In your copy, reproduce each entry exactly and leave out the pictures.

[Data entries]
════════════════════

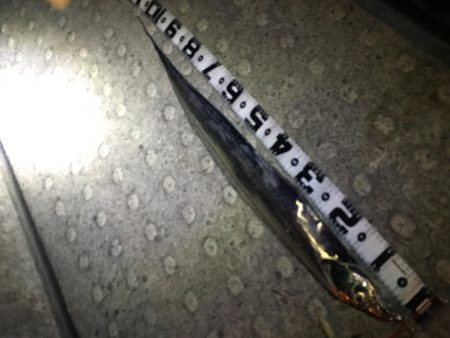 ワインドでドラゴン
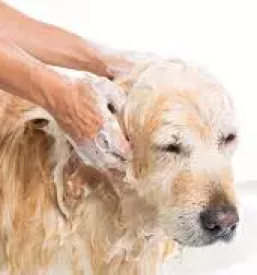 Ugodno strizenje hisnih ljubljenckov stajerska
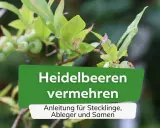 Grüne Heidelbeeren an einem Strauch. Text: "Heidelbeeren vermehren. Anleitung für Stecklinge, Ableger und Samen.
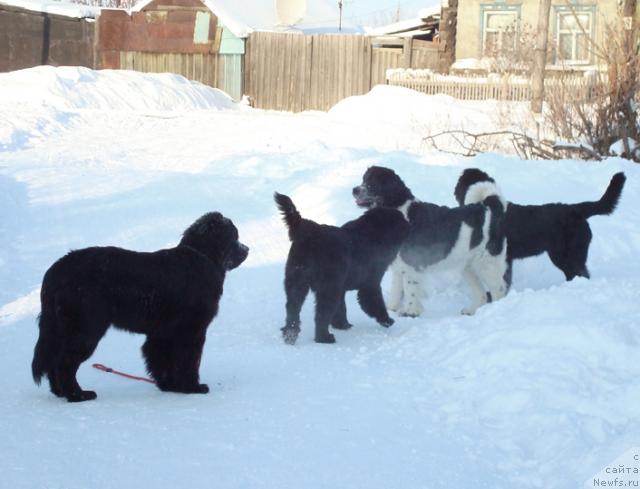 Фото: ньюфаундленд Mag Ispolin Lira Lyubvi (Маг Исполин Лира Любви), ньюфаундленд Mag Ispolin Lazurit (Маг Исполин Лазурит), ньюфаундленд Mag Ispolin Infanta (Маг Исполин Инфанта), ньюфаундленд Mag Ispolin Loyengrin (Маг Исполин Лоэнгрин)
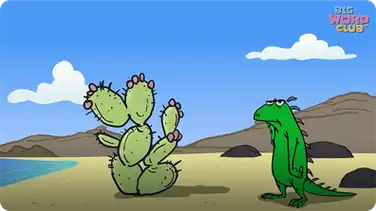 Iguana Song book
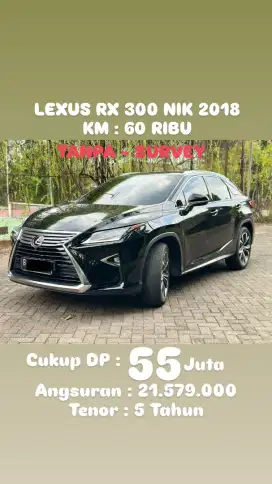 Lexus RX 300 Nik 2018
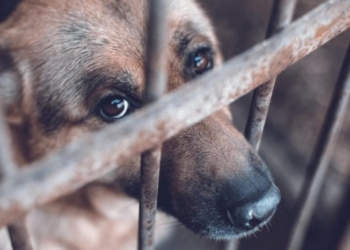 Avanzan en Tabasco sanciones contra el maltrato animal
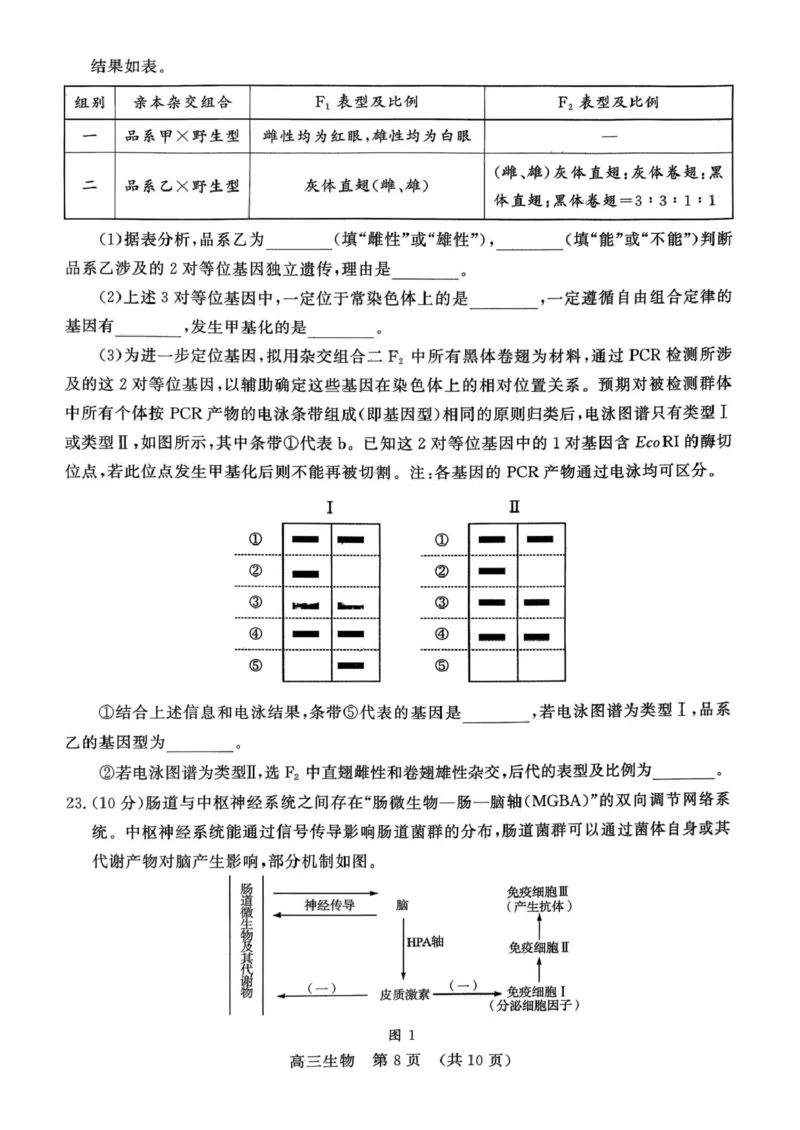 2026届山东东营市胜利第二中学等校高三4月核心素养评估生物试题2026届山东东营市胜利第二中学等校高三4月核心素养评估生物试题_2024-2026高三（6-6月题库）_2026年04月高三试卷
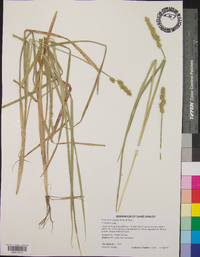 Carex laevivaginata image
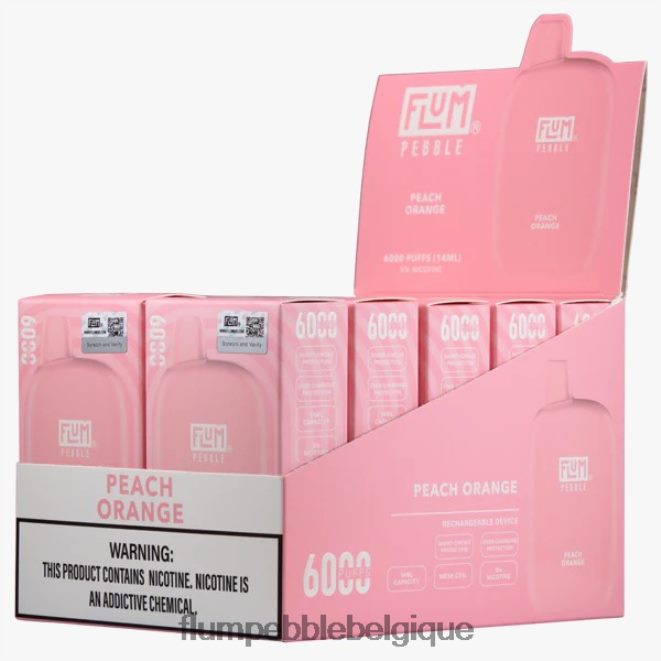 FLUM PEBBLES 6000 bouffées 10 paquets Z4DJ8N63 pêche orange FLUM PEBBLE vape belgique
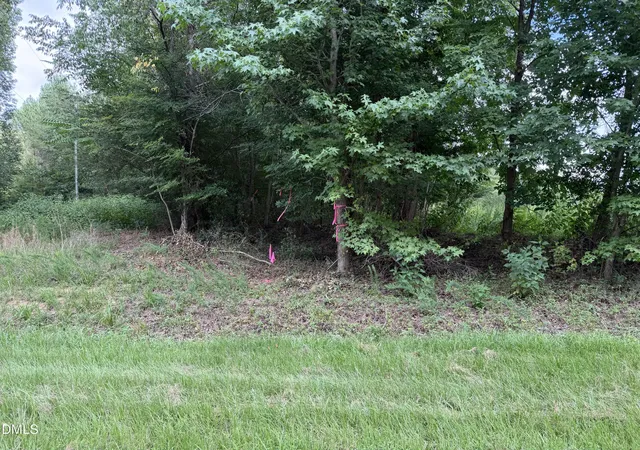 Photo 3 of Land for sale at 00 Chatham Church Rd, Moncure, NC 27559 | MLS# 10184997 | Listing updated on 2026-08-07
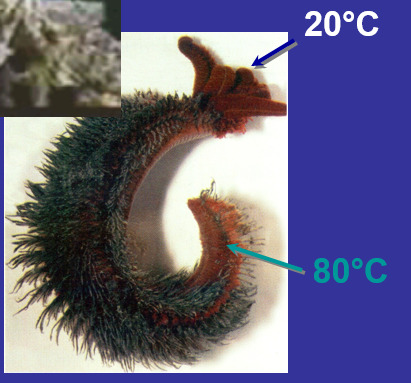 2025050797415044.jpg 11.jpg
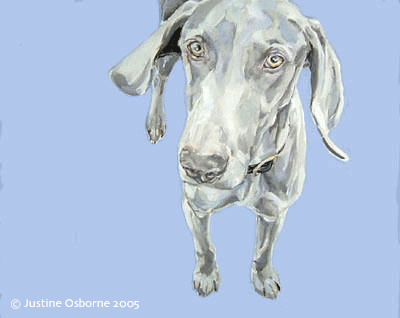 dog portrait painting weimaraner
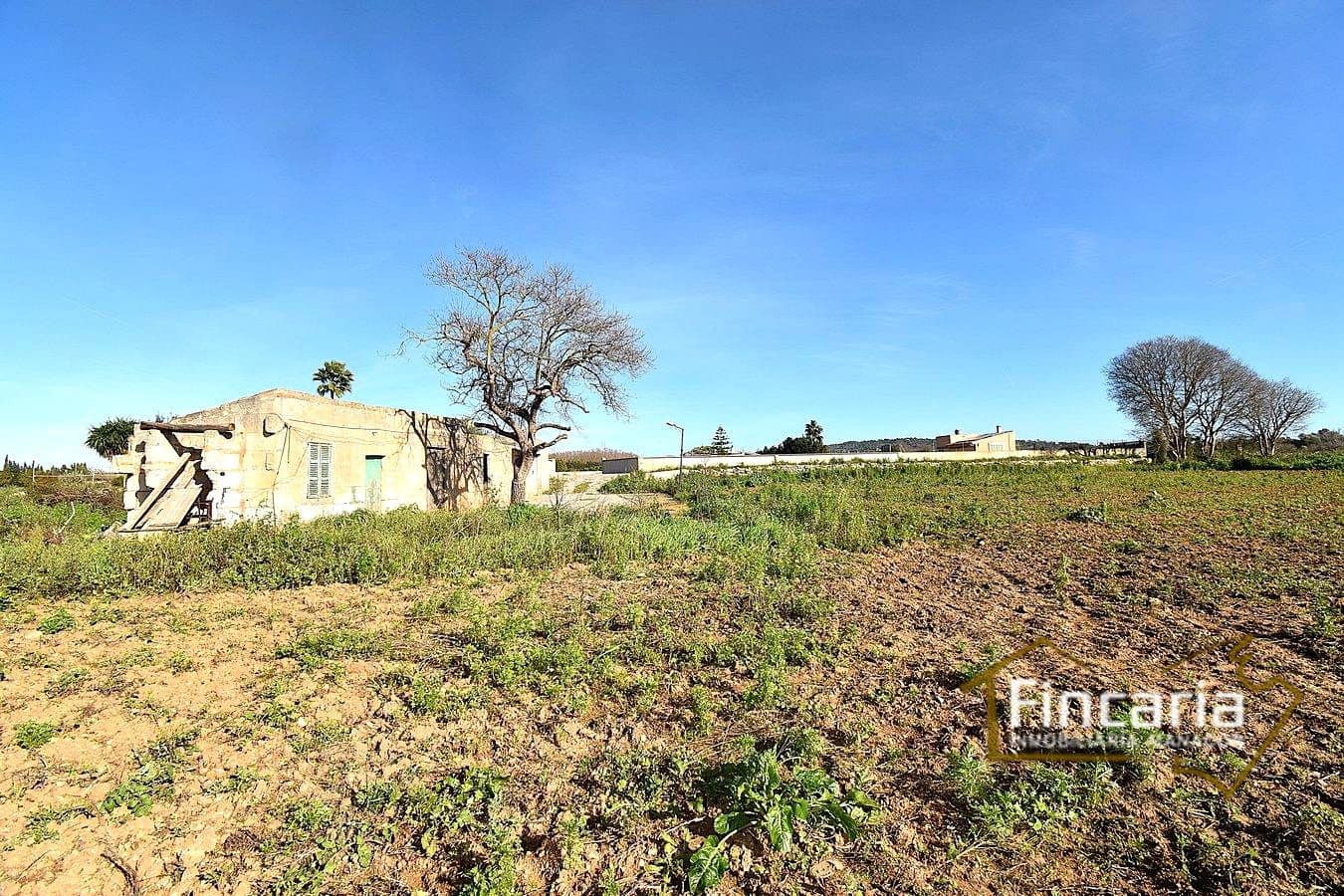 1 sypialnia Finka/Dom wiejski na sprzedaż w Manacor - 225 000 € (Ref: 9506809)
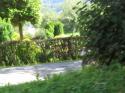 Vorheriges Bild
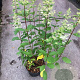 Hydrangea pan. 'Grandiflora' 60-80 cm 5,0L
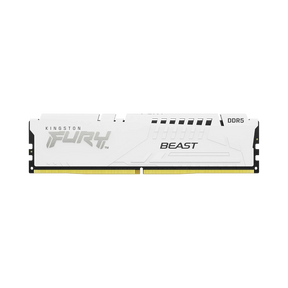 Kingston FURY Beast 64GB DDR5 5600MT/s CL40 Memory (2 x 32GB) — Being Shipped
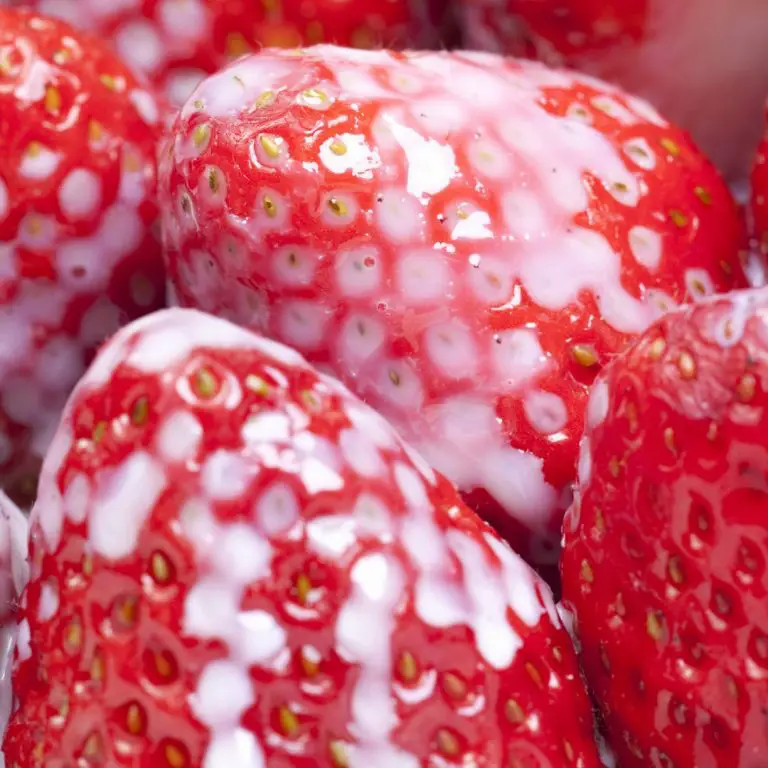 Jordgubbar i jordgubbsmjölk inför hwachae tillagningsprocess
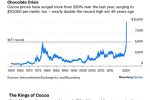 ㅈ되고 있는 코코아 가격 급상승 흐름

════════════════════

YOUR SOLUTION:
 ワインドでドラゴン
 Ugodno strizenje hisnih ljubljenckov stajerska
 Grüne Heidelbeeren an einem Strauch. Text: "Heidelbeeren vermehren. Anleitung für Stecklinge, Ableger und Samen.
 Фото: ньюфаундленд Mag Ispolin Lira Lyubvi (Маг Исполин Лира Любви), ньюфаундленд Mag Ispolin Lazurit (Маг Исполин Лазурит), ньюфаундленд Mag Ispolin Infanta (Маг Исполин Инфанта), ньюфаундленд Mag Ispolin Loyengrin (Маг Исполин Лоэнгрин)
 Iguana Song book
 Lexus RX 300 Nik 2018
 Avanzan en Tabasco sanciones contra el maltrato animal
 2026届山东东营市胜利第二中学等校高三4月核心素养评估生物试题2026届山东东营市胜利第二中学等校高三4月核心素养评估生物试题_2024-2026高三（6-6月题库）_2026年04月高三试卷
 Carex laevivaginata image
 FLUM PEBBLES 6000 bouffées 10 paquets Z4DJ8N63 pêche orange FLUM PEBBLE vape belgique
 Photo 3 of Land for sale at 00 Chatham Church Rd, Moncure, NC 27559 | MLS# 10184997 | Listing updated on 2026-08-07
 2025050797415044.jpg 11.jpg
 dog portrait painting weimaraner
 1 sypialnia Finka/Dom wiejski na sprzedaż w Manacor - 225 000 € (Ref: 9506809)
 Vorheriges Bild
 Hydrangea pan. 'Grandiflora' 60-80 cm 5,0L
 Kingston FURY Beast 64GB DDR5 5600MT/s CL40 Memory (2 x 32GB) — Being Shipped
 Jordgubbar i jordgubbsmjölk inför hwachae tillagningsprocess
 ㅈ되고 있는 코코아 가격 급상승 흐름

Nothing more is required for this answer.